The Quilt: Stories is an anthology of several short stories by Ismat Chughtai that explores female sexuality in a society that constantly represses it. Dubbed as a feminist writer, Chughtai’s subject matter involves societal conditions on female pleasure, female queer bonds and unabashed expression of female sexuality. These topics are in common with feminist discourse through the ages. This study aims at understanding three of Chughtai’s major works from The Quilt: Stories with respect to gender theory.
The Laugh of the Medusa is a critical essay by French feminist Hélène Cixous that talks about what woman’s writing will do. Comparing it to sexual liberation, Cixous urges the woman to write herself and thereby into the world and into history. She states that just like a woman’s sexual desire, a woman punishes herself by feeling guilty for writing, when in fact it is extremely essential for women to write in an economy that works against them and hands them their narrative.

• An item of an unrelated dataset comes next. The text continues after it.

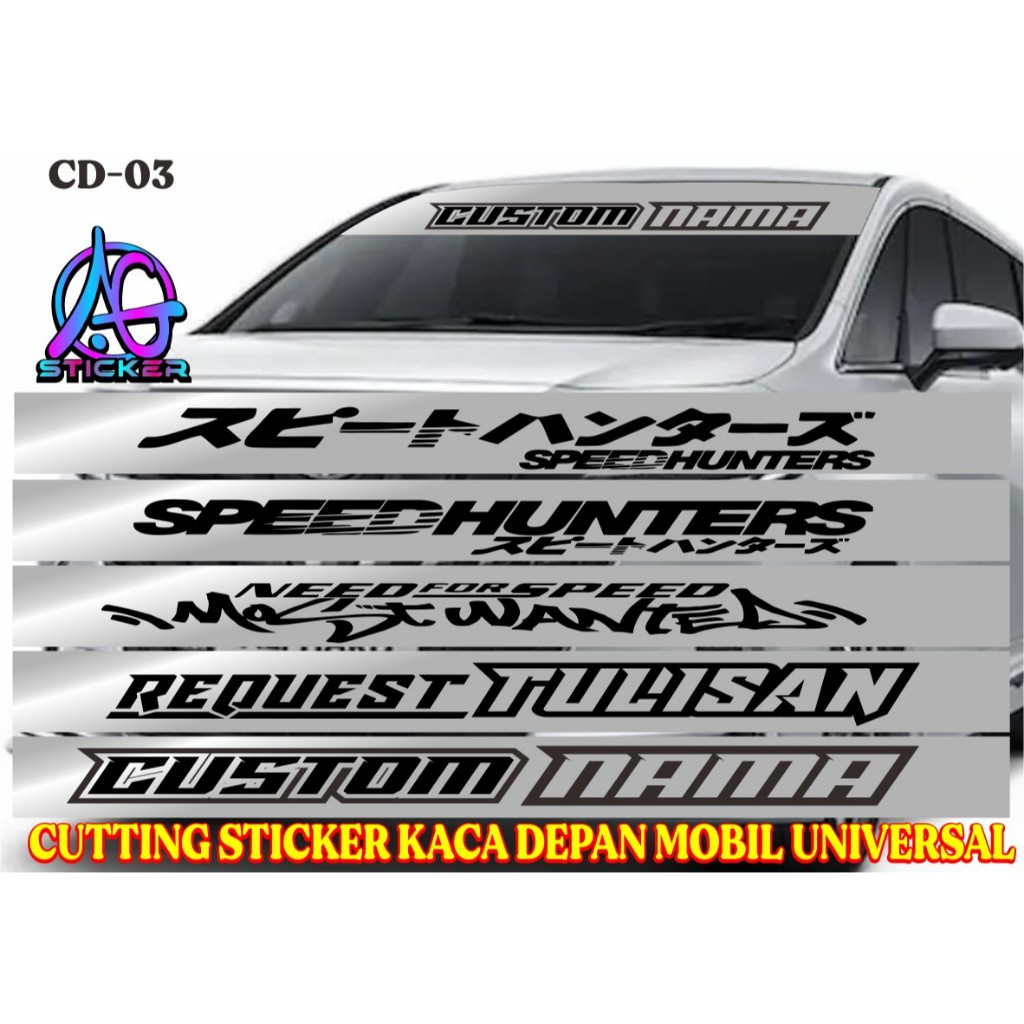 Stiker Kaca Mobil Depan Costum dan Request sticker variasi mobil STIKER BLOK MOBIL STICKER NAMA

Cixous states that woman’s writing, unlike men’s, that caters only to the male audience, is bisexual. A woman writes to both men and women. She further declares that feminine writing is a manifestation of desire outside of heteronormative convention. It blurs all distinctions to make way for scripture that subverts binary opposition. Chughtai’s writings attempt and succeed at doing exactly that. This essay is an attempt to study three of Ismat Chughtai’s short stories; The Quilt (Lihaaf), Gainda and The Mole (Til) as translated in English by M. Asaduddin in line with Cixous’ theory.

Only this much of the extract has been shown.